Exercise goal = Output nothing but the lines from the one holding "OH license plate GMP7928" to the end of the listing. Reproduce them exactly, without the pictures.
-- Data provided follows --
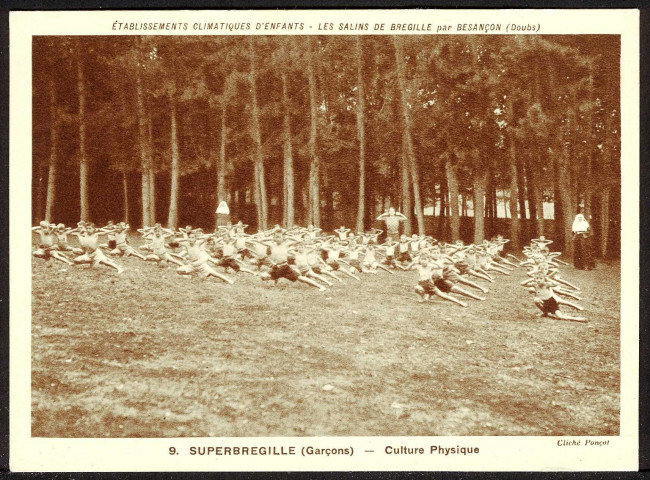 Etablissements climatiques d'enfants, les salins de Bregille par Besançon, Superbregille (garçons), culture physique
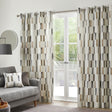 Oakland Beige Cotton Eyelet Curtains Light Filtering
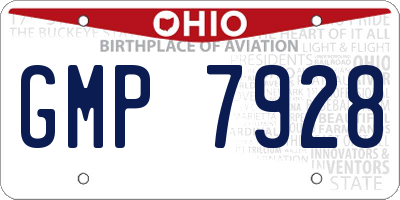 OH license plate GMP7928
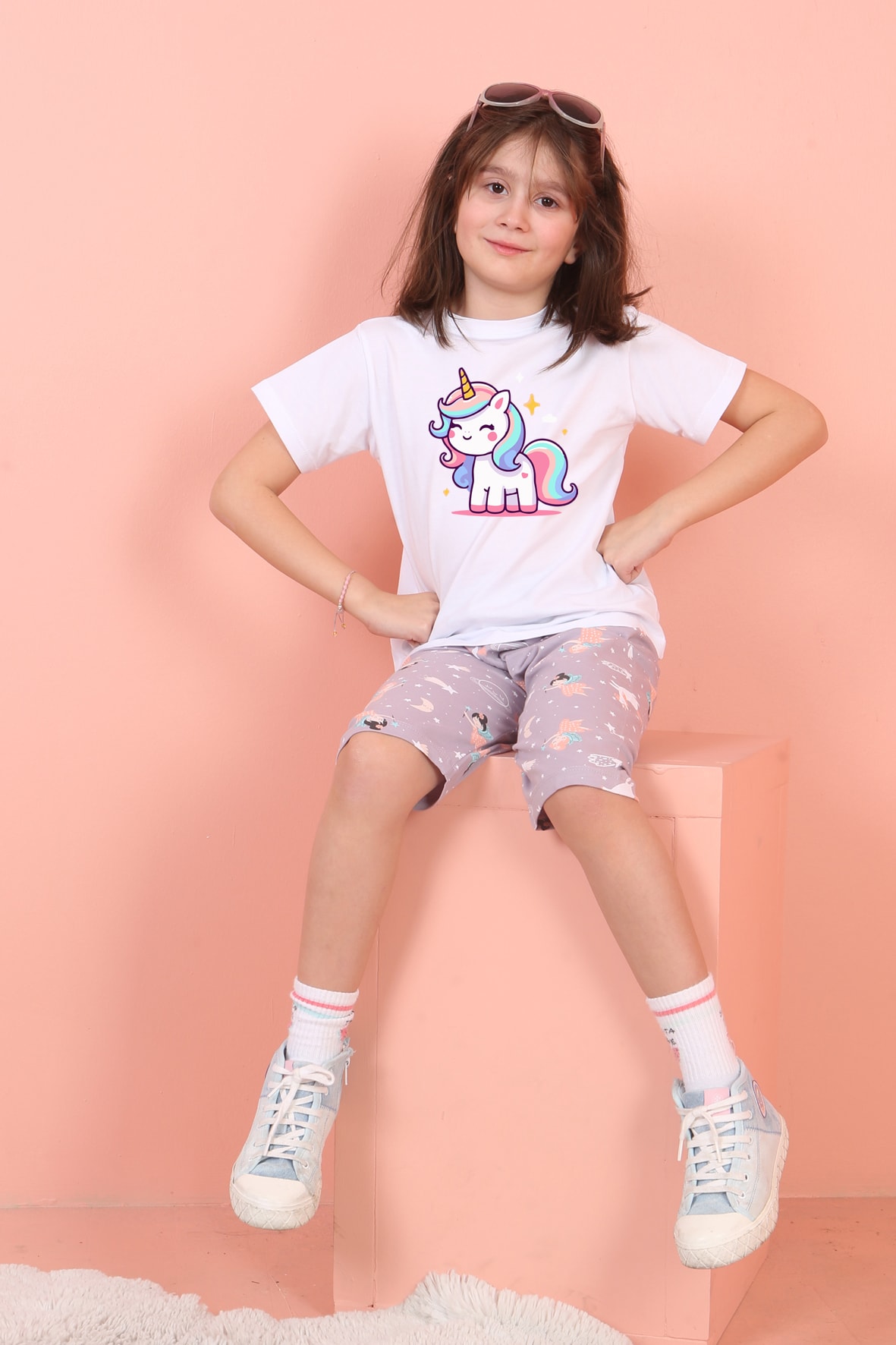Jenika Kids Kız Çocuk Pamuklu Baskılı Kapri Takım - 58724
-- Data provided concluded --
Exercise result =
 OH license plate GMP7928
Jenika Kids Kız Çocuk Pamuklu Baskılı Kapri Takım - 58724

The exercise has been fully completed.